INSTRUCTIONS TO FOLLOW
A word-for-word copy of the entries is needed, and it should contain no images.

[[ DATA FOR THIS EXERCISE, beginning ]]

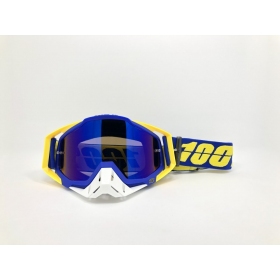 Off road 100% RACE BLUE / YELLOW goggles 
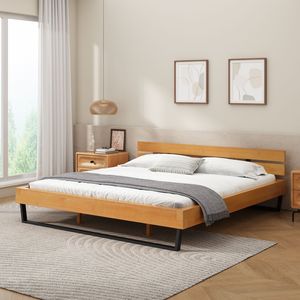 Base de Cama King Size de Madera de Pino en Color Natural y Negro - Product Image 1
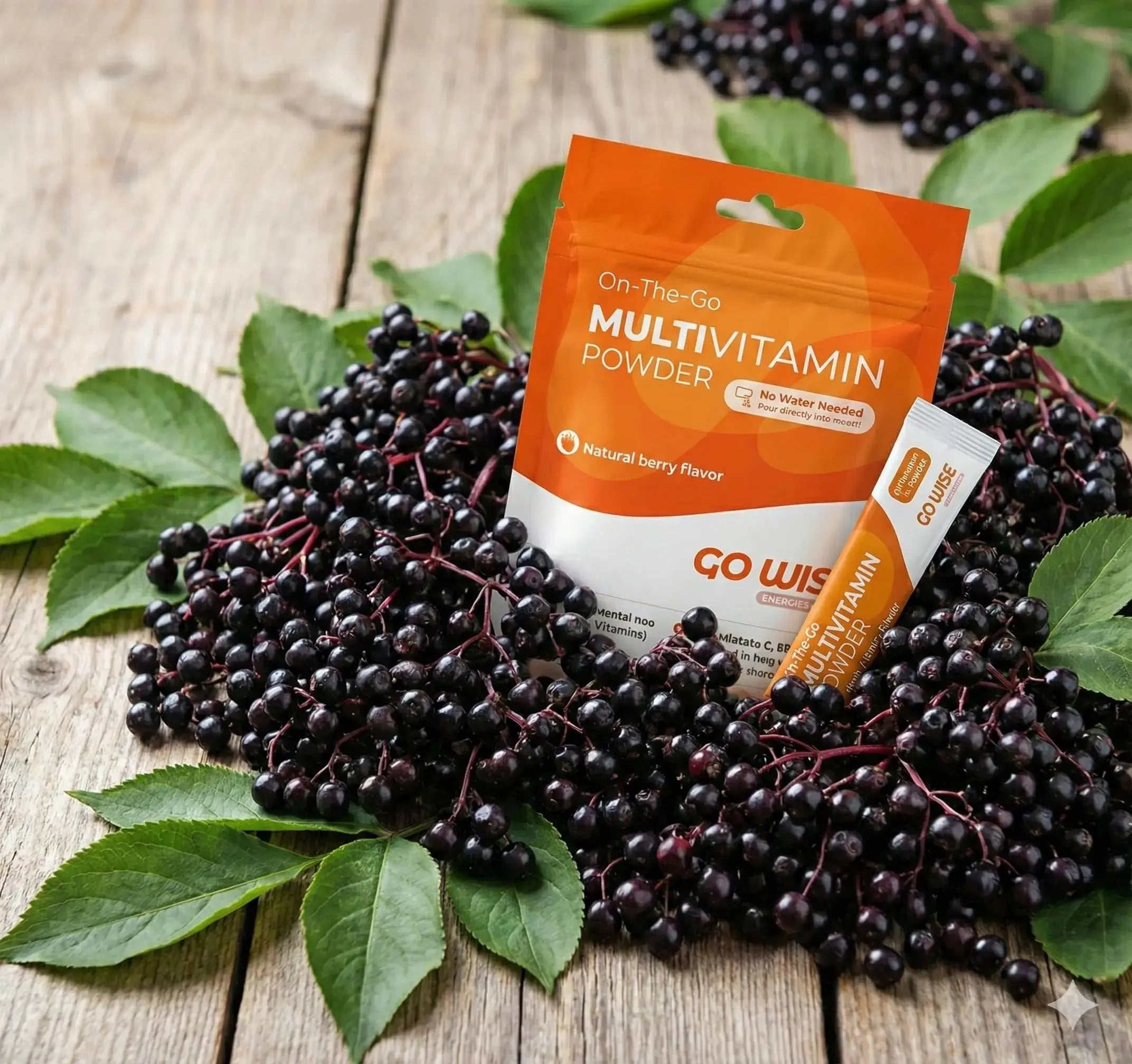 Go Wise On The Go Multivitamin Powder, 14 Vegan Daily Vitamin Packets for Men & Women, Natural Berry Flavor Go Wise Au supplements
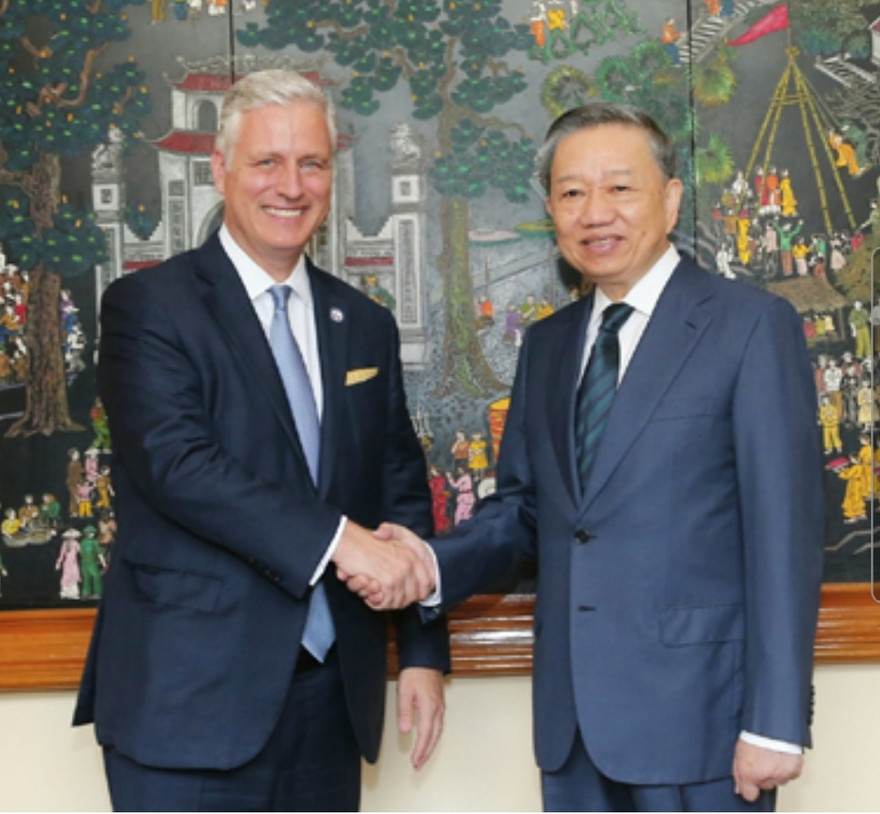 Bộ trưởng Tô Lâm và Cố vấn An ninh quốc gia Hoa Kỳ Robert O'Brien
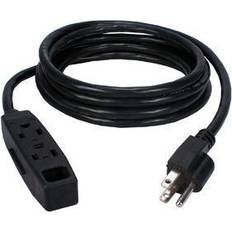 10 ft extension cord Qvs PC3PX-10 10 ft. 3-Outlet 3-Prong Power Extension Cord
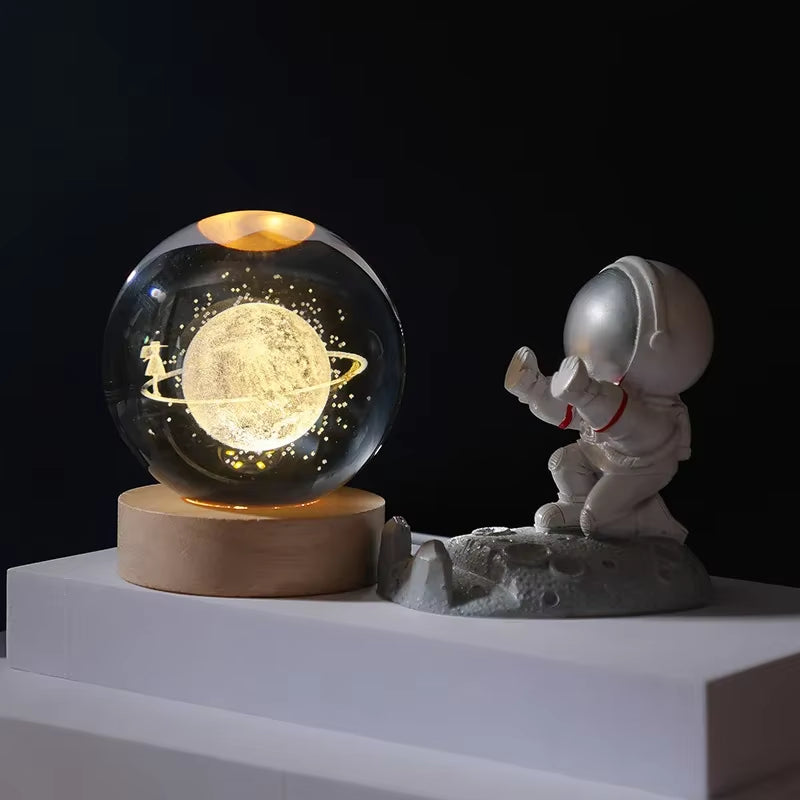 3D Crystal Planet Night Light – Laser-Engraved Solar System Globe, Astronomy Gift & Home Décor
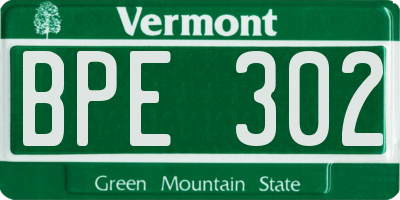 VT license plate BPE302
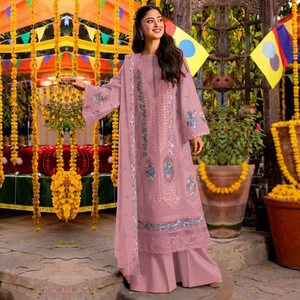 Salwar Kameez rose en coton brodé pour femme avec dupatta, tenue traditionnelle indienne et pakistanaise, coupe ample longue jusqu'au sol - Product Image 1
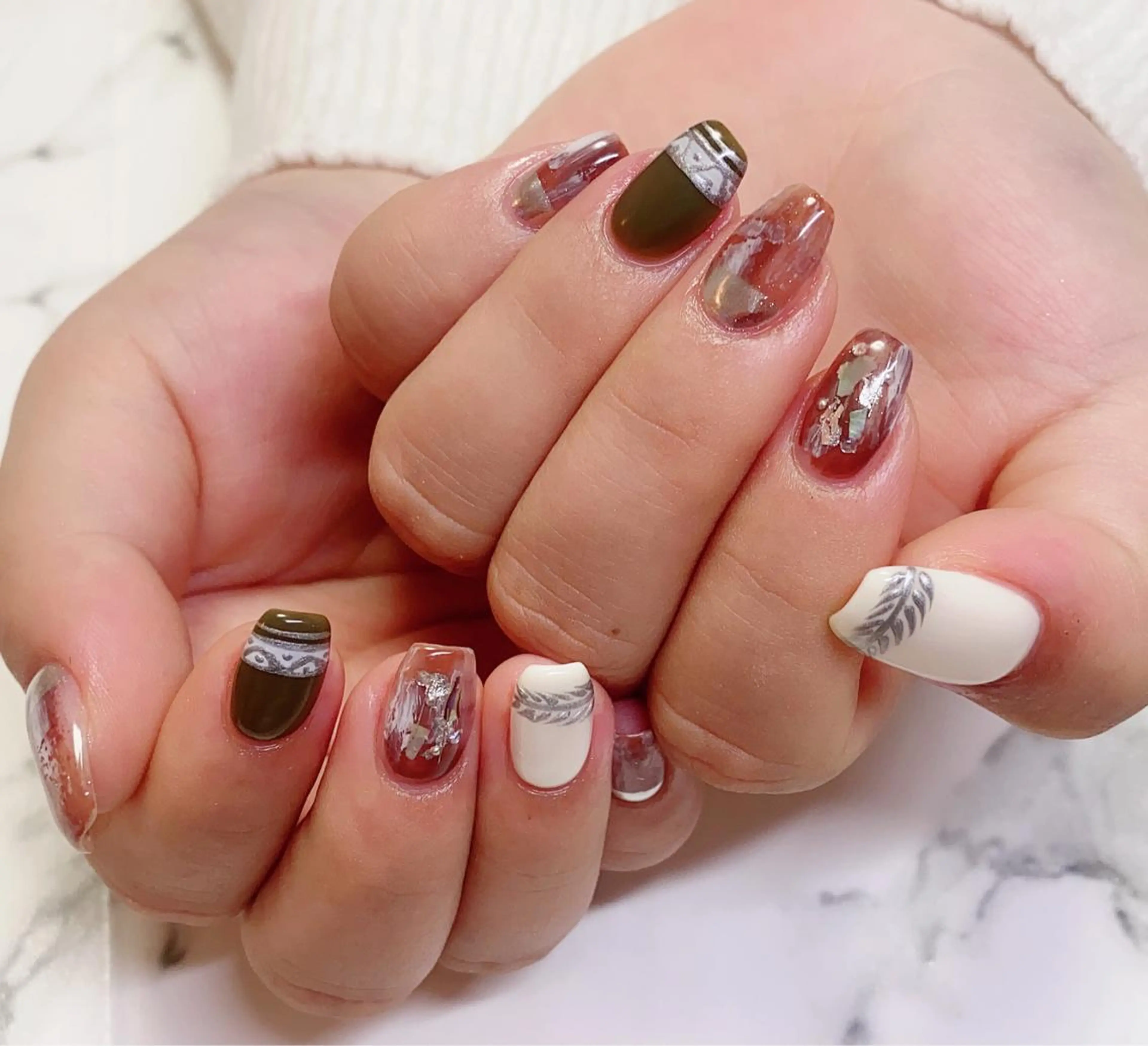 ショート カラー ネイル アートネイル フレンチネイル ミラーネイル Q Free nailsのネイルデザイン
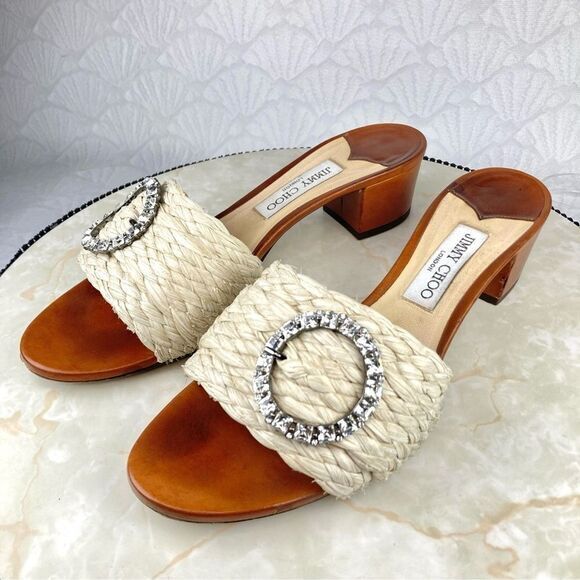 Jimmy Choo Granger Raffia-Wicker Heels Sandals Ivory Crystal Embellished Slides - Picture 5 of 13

[[ DATA FOR THIS EXERCISE, end ]]

ANSWER TO THIS PROBLEM
 Off road 100% RACE BLUE / YELLOW goggles 
 Base de Cama King Size de Madera de Pino en Color Natural y Negro - Product Image 1
 Go Wise On The Go Multivitamin Powder, 14 Vegan Daily Vitamin Packets for Men & Women, Natural Berry Flavor Go Wise Au supplements
 Bộ trưởng Tô Lâm và Cố vấn An ninh quốc gia Hoa Kỳ Robert O'Brien
 10 ft extension cord Qvs PC3PX-10 10 ft. 3-Outlet 3-Prong Power Extension Cord
 3D Crystal Planet Night Light – Laser-Engraved Solar System Globe, Astronomy Gift & Home Décor
 VT license plate BPE302
 Salwar Kameez rose en coton brodé pour femme avec dupatta, tenue traditionnelle indienne et pakistanaise, coupe ample longue jusqu'au sol - Product Image 1
 ショート カラー ネイル アートネイル フレンチネイル ミラーネイル Q Free nailsのネイルデザイン
 Jimmy Choo Granger Raffia-Wicker Heels Sandals Ivory Crystal Embellished Slides - Picture 5 of 13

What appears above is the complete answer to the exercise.